George W. Towns

George Washington Bonaparte Towns ( born May 4, 1801 Wilkes County, Georgia; † July 15, 1854 in Macon, Georgia ) was an American politician and Governor of the State of Georgia, which he also represented in Congress.

Background and education

Georgetown was the son of an immigrant from Virginia to Georgia family. After primary school the young George first began to study medicine in Eatontown. An injury put an end to this study and George moved to Montgomery (Alabama ). There he acquired a tavern and studied law. In 1824 he was admitted to the bar there. He practiced first in Montgomery and then in Talbotton (Georgia ).

Political rise

In Talbotton he summed up very fast feet and was colonel of the local militia. In 1829 he was elected to the House of Representatives from Georgia; 1832-1834 he was a state senator. At this time he was a loyal supporter of President Andrew Jackson and his Democratic Party. He declared himself the enemy of John C. Calhoun and gave all separatist movements in Georgia a rejection. After his election to the U.S. House of Representatives where he took his seat in 1835. In September 1836 he joined surprising return of this mandate. The reason he gave for not wanting to fall in the event of a deadlock in the upcoming presidential election in a quandary if the Congress had to elect the president and he had to choose an opposing candidate due to political constraints. This happened in 1836 not one. Martin Van Buren was elected with a clear majority for the president, but Towns had lost his seat in Congress. His successor was Julius Caesar Alford things, a candidate of the opposition Whigs.

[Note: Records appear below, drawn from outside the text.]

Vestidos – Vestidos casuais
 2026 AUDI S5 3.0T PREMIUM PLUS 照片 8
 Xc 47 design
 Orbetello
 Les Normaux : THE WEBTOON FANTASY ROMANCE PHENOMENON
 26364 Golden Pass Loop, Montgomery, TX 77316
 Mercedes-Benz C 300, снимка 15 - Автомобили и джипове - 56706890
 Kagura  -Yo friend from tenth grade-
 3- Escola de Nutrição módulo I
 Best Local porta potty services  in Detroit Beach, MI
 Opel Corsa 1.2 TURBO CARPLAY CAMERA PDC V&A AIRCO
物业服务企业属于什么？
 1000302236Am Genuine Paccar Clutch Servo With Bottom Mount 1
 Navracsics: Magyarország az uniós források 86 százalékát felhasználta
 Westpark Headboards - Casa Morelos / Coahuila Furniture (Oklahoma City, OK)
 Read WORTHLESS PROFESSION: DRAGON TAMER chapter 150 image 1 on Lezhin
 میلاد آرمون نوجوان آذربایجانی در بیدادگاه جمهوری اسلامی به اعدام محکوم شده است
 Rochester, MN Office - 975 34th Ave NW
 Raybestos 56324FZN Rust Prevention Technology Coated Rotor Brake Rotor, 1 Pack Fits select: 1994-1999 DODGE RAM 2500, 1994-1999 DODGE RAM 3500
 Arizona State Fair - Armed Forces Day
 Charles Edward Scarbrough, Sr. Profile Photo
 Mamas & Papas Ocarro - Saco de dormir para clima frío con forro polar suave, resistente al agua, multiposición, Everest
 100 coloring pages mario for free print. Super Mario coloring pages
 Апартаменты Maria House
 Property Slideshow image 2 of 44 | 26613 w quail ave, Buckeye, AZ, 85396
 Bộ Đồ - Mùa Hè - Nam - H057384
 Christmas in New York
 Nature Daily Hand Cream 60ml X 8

His resignation cost him in Georgia much sympathy among the supporters of the Democratic Party. Nevertheless, he managed to jump again in 1837 in the Congress.

Policy U-turn

In the following two years now in the House of Representatives Towns took a fundamental change of attitude. Until that time he had always supported the federal government in Washington and had entered against all separatist aspirations of the individual states. Now he turned more and more from that position and became increasingly an advocate for the rights of individual states to the federal government. In 1839 he retired temporarily from politics and practiced as a lawyer again in Talbotton. But in 1846 he returned to Congress to Washington. Here he supported, like most Southerners, the expansion policy of President James K. Polk.

Governor of Georgia

1847 Towns ran for governor of Georgia. During the election campaign he praised President Polk's expansionist policies, saying, as most politicians of the South, against the so-called Wilmot Proviso from. This provided for a prohibition of slavery in the newly acquired areas of the U.S.. With the support of the radical Southerners Towns abolished the election, and two years later also the leap into a second term. During his tenure as governor, he joined now opted for the positions of the southern states, including slavery, a. He also promoted the development of the railway network of the Western and Atlantic Railroad in Georgia. He built from the health care and reformed the prison system. Finally, he appointed a commission with the planning of free public schools.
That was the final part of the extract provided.